Arch Capital estimates up to $560m of Q3 cat losses
Arch Capital Group Ltd has estimated pretax net catastrophe losses of $530 million to $560 million across the property casualty insurance and reinsurance segments in the 2022 third quarter.
The Bermudian-based re/insurer said its quarterly results will be negatively impacted by the effects of Hurricane Ian, which made landfall on the west coast of Florida on September 28, as well as from a series of other global events that occurred this year, including US convective storms, Typhoon Nanmadol and the June French hailstorms.
The estimates are net of reinsurance recoveries and reinstatement premiums.
The company said its estimate for Hurricane Ian is commensurate with a range of estimated insured losses across the global property/casualty insurance industry of $50 billion to $60 billion for this event, resulting in an approximate market share of industry losses for the company that is comparable to prior natural events of a large magnitude.
The losses are currently expected to be split approximately 70/30 per cent between the company’s reinsurance and insurance businesses, respectively.
At this time, Arch said, there are significant uncertainties surrounding the ultimate number of claims and scope of damage resulting from these events.

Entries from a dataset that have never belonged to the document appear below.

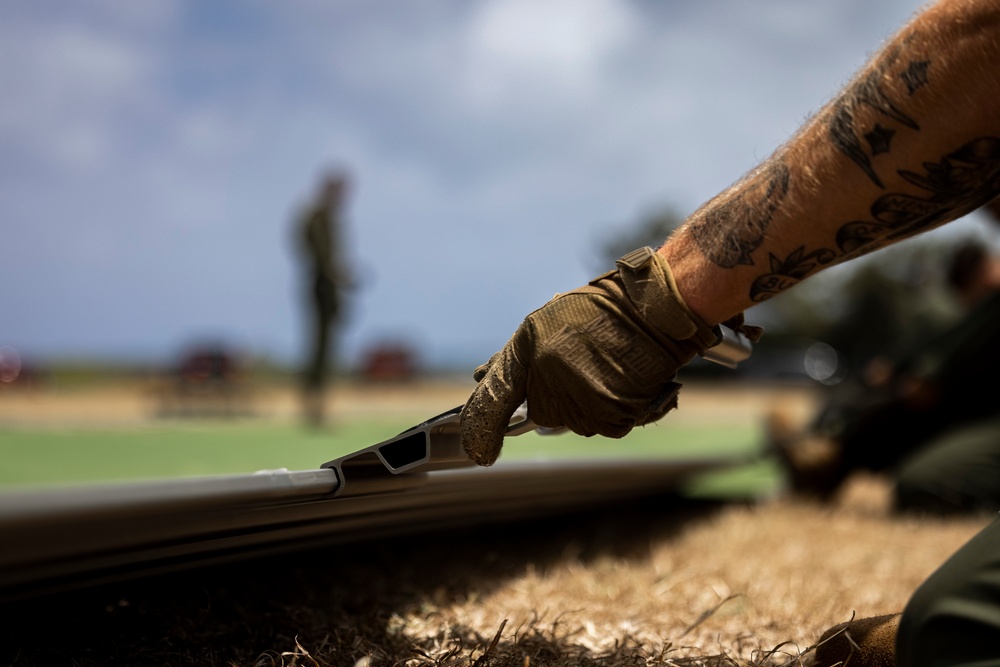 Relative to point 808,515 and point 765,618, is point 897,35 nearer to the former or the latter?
point 765,618

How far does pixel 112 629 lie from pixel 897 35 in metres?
1.42

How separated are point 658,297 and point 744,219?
0.54ft

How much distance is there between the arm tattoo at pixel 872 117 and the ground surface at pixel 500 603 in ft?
2.64

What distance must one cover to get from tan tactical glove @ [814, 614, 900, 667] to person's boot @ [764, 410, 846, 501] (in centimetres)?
302

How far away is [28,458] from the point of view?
4.50 meters

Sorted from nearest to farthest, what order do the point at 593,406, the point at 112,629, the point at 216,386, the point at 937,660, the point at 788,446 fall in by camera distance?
the point at 937,660, the point at 593,406, the point at 112,629, the point at 788,446, the point at 216,386

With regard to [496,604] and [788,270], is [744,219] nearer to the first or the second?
[788,270]

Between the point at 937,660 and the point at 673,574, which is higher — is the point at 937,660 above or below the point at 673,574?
above

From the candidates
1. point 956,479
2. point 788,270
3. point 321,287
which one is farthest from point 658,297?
point 321,287

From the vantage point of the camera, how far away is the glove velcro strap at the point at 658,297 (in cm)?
113

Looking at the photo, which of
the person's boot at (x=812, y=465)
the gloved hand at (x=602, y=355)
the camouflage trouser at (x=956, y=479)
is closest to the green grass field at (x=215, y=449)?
the person's boot at (x=812, y=465)

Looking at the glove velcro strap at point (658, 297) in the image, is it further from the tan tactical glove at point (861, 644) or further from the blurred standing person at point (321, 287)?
the blurred standing person at point (321, 287)

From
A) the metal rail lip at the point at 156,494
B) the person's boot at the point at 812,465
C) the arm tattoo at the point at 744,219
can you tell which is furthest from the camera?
the person's boot at the point at 812,465

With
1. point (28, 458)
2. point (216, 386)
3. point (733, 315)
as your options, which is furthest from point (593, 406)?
point (216, 386) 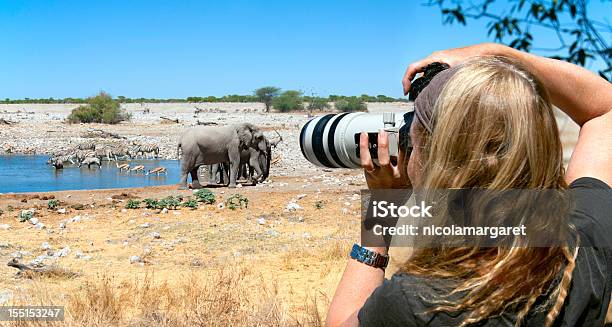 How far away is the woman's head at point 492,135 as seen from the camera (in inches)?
51.6

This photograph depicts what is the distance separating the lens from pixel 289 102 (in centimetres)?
6231

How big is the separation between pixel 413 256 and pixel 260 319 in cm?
310

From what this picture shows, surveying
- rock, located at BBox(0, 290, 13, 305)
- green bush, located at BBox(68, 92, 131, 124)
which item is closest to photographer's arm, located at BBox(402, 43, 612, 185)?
rock, located at BBox(0, 290, 13, 305)

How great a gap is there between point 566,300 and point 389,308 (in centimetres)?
35

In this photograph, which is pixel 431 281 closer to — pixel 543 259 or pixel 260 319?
pixel 543 259

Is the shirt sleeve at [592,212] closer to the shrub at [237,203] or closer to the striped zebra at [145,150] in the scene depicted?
the shrub at [237,203]

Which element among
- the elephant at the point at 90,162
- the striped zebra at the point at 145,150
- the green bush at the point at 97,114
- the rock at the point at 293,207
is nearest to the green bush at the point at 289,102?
the green bush at the point at 97,114

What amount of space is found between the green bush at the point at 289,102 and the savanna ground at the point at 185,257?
48436 millimetres

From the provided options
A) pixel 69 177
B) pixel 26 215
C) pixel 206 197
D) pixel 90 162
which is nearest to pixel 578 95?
pixel 26 215

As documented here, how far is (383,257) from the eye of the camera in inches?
65.9

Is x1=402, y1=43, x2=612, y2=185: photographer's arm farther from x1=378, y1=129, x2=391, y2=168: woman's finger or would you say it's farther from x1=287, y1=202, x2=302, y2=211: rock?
x1=287, y1=202, x2=302, y2=211: rock

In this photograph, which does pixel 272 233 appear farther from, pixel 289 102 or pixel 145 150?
pixel 289 102

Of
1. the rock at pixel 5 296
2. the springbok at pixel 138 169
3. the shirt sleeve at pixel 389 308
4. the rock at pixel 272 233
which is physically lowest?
the springbok at pixel 138 169

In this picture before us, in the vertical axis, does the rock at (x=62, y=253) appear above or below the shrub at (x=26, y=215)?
above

The company’s estimates across its insurance and reinsurance segments are based on currently available information derived from modelling techniques, including preliminary claims information obtained from the company’s clients and brokers, a review of relevant in-force contracts and estimates of reinsurance recoverables.
These estimates include losses only related to claims incurred as of September 30. Actual losses from these events may vary materially from the estimates owing to several factors, including the inherent uncertainties in making such determinations, the company said.
For Hurricane Ian in particular, Arch said, the timing of the event late in the third quarter increases the uncertainty in the company’s estimates, as it is relying on a preliminary view of the claims that may be reported, with limited knowledge of the actual insured damage that may have been sustained during the event.